Basketball Schicksal in eigenen Händen

Im Hinspiel wurde Ratiopharm Ulms Dwayne Evans durch die Verteidigung von Krasnodar kalt gestellt. Der Power Forward erzielte lediglich zwei Punkte gegen die Russen.
Im Hinspiel wurde Ratiopharm Ulms Dwayne Evans durch die Verteidigung von Krasnodar kalt gestellt. Der Power Forward erzielte lediglich zwei Punkte gegen die Russen. © Foto: Rudi Apprich
Alexander Finck 22.01.2019

Die Ausgangslage vor der elfstündigen Anreise nach Russland ist für die Ulmer Basketballer klar: Verlieren die Ratiopharm-Korbjäger morgen (18 Uhr/ live bei Magenta Sport) bei Lokomotive Kuban Krasnodar, und unterliegt Frankfurt heute dem Team von Asvel Lyon-Villeurbanne, so können beide deutschen Vertreter das Viertelfinale des Eurocups nicht mehr erreichen.

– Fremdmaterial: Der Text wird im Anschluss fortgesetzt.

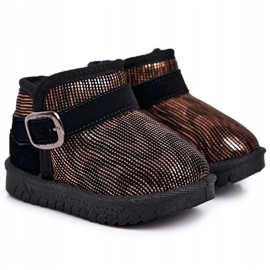 Maiqi Botas de nieve para niños con piel Dorado Negro Dreamy 4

„Wir betrachten die Partie gegen Krasnodar als Do-or-Die-Spiel, egal wie Frankfurt spielt“, stellt Ulms Trainer Thorsten Leibenath klar: „Die Chance, dass wir in Russland gewinnen, ist extrem klein, trotzdem hoffen wir auf die Überraschung.“

Im vergangenen Heimspiel der Eurocup-Zwischenrunde gegen das Team des serbischen Trainers Vlada Javanovic blieb diese Sensation für die Ulmer Basketballer noch aus. Die Aufholjagd in der zweiten Halbzeit wurde nicht belohnt und Ulm verlor knapp mit drei Punkten Unterschied (81:84).

Aktion statt Reaktion

Nun will Ratiopharm Ulm den Favoriten auf den Eurocup-Titel in der Fremde bezwingen und die Chance auf das Weiterkommen wahren. „Krasnodar spielt auf unglaublich hohem Niveau“, sagt Leibenath: „Deshalb müssen wir das schnelle Passspiel entscheidend stören, härter verteidigen und uns in jeden Ball werfen“.

Als Mutmacher und Motivation hat Leibenath die letzten zwei Duelle der Eurocup-Gruppenphase im Hinterkopf. „Die Spiele gegen Andorra und Brescia sind nicht unbedeutend“, sagt Ulms Headcoach. Beide Partien musste Ratiopharm Ulm gewinnen, um die Zwischenrunde zu erreichen. Sowohl gegen Andorra als auch Brescia  siegte das Team von Leibenath und qualifizierte sich so für die nächste Eurocup-Runde.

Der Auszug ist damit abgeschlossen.